Di Kathmandu, seperti di tempat lainnya, ribuan orang tidur di jalanan, taman, dan banyak juga yang membuat tenda.
Sementara itu, rumah sakit yang tersedia telah penuh. Persediaan air, makanan dan sumber listrik pun kian menipis. Hal ini meningkatkan kekhawatiran masyarakat akan penyakit menular.
Meski demikian, beberapa kondisi berangsur normal, terlihat dari penjual buah yang mulai berjualan di jalanan dan mulai beroperasinya transportasi umum.
Namun, dengan lambatnya bantuan datang ke tempat-tempat yang paling terkena dampak, beberapa warga Nepal mengungkapkan kekecewaannya terhadap pemerintah.

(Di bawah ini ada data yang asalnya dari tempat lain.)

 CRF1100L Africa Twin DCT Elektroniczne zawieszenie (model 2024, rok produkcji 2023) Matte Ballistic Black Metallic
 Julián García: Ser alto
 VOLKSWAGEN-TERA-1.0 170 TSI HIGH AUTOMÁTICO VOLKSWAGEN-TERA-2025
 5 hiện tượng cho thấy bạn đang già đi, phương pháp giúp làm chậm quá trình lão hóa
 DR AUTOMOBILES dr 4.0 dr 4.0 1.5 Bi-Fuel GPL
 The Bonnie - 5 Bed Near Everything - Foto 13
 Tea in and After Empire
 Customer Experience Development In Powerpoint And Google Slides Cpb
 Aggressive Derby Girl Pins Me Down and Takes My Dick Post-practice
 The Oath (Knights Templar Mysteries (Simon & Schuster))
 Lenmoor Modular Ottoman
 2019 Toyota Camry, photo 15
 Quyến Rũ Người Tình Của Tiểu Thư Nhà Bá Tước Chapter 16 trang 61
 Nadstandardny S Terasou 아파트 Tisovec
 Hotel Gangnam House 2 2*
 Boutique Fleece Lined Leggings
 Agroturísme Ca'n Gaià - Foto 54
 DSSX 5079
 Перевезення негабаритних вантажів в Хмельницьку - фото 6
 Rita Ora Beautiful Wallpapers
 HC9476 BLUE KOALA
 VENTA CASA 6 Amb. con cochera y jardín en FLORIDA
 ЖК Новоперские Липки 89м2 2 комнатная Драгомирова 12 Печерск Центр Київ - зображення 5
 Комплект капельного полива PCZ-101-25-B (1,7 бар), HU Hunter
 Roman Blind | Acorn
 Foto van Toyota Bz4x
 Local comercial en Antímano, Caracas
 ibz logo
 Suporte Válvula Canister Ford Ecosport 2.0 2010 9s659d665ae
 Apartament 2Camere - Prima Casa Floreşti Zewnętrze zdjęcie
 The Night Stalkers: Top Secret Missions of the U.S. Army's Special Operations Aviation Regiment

“Pemerintah tidak melakukan apa-apa untuk kami. Kami menggali reruntuhan dengan tangan sendiri,” ujar salah satu korban bernama Anil Giri, seperti dikutip dari Reuters.
Dia bersama 20 relawan lainnya mencari dua orang kawannya yang diperkirakan tertimbun di bawah reruntuhan bangunan.
Di sisi lain, para pejabat yang berwenang mengakui mereka kewalahan menghadapi bencana skala besar ini.
“Tantangan terbesarnya adalah menyampaikan bantuan. Kami mendesak negara asing untuk memberikan bantuan dan tenaga medis. Kami mengandalkan bantuan para relawan asing untuk melalui kondisi krisis ini,” ujar Chief Secretary Leeela Mani Pudel.
Situasi pascagempa terlihat lebih parah di area-area terpencil. Jalan raya tertutup longsor, dan banyak penduduk desa yang bertahan tanpa air dan listrik, hanya mengandalkan sisa makanan yang masih ada dan tanpa bantuan dari luar.